__WORKING DATA__.

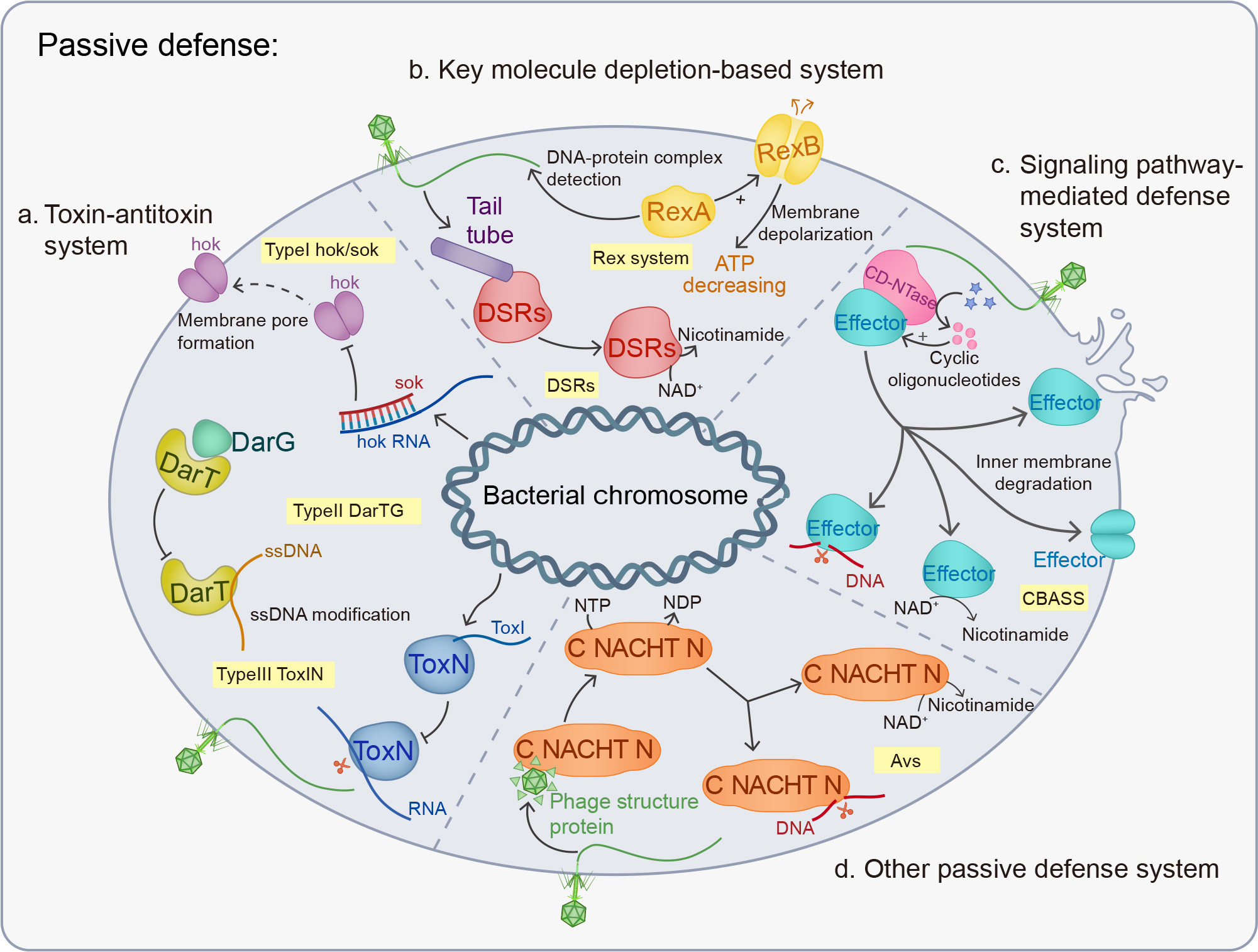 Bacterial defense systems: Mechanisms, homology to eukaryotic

---

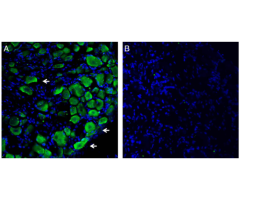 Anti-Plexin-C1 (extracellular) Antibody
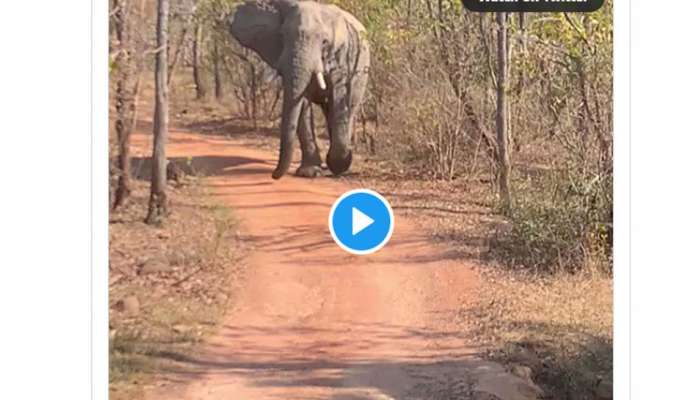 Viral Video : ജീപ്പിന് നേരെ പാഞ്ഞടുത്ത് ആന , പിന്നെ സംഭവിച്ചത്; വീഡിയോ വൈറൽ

__REQUIRED WORK__. Transcribe only the lines above that start at the line containing "Anti-Plexin-C1 (extracellular) Antibody" and end at the line containing "Viral Video : ജീപ്പിന്". Omit pictures.

__ANSWER SPACE__.
 Anti-Plexin-C1 (extracellular) Antibody
 Viral Video : ജീപ്പിന് നേരെ പാഞ്ഞടുത്ത് ആന , പിന്നെ സംഭവിച്ചത്; വീഡിയോ വൈറൽ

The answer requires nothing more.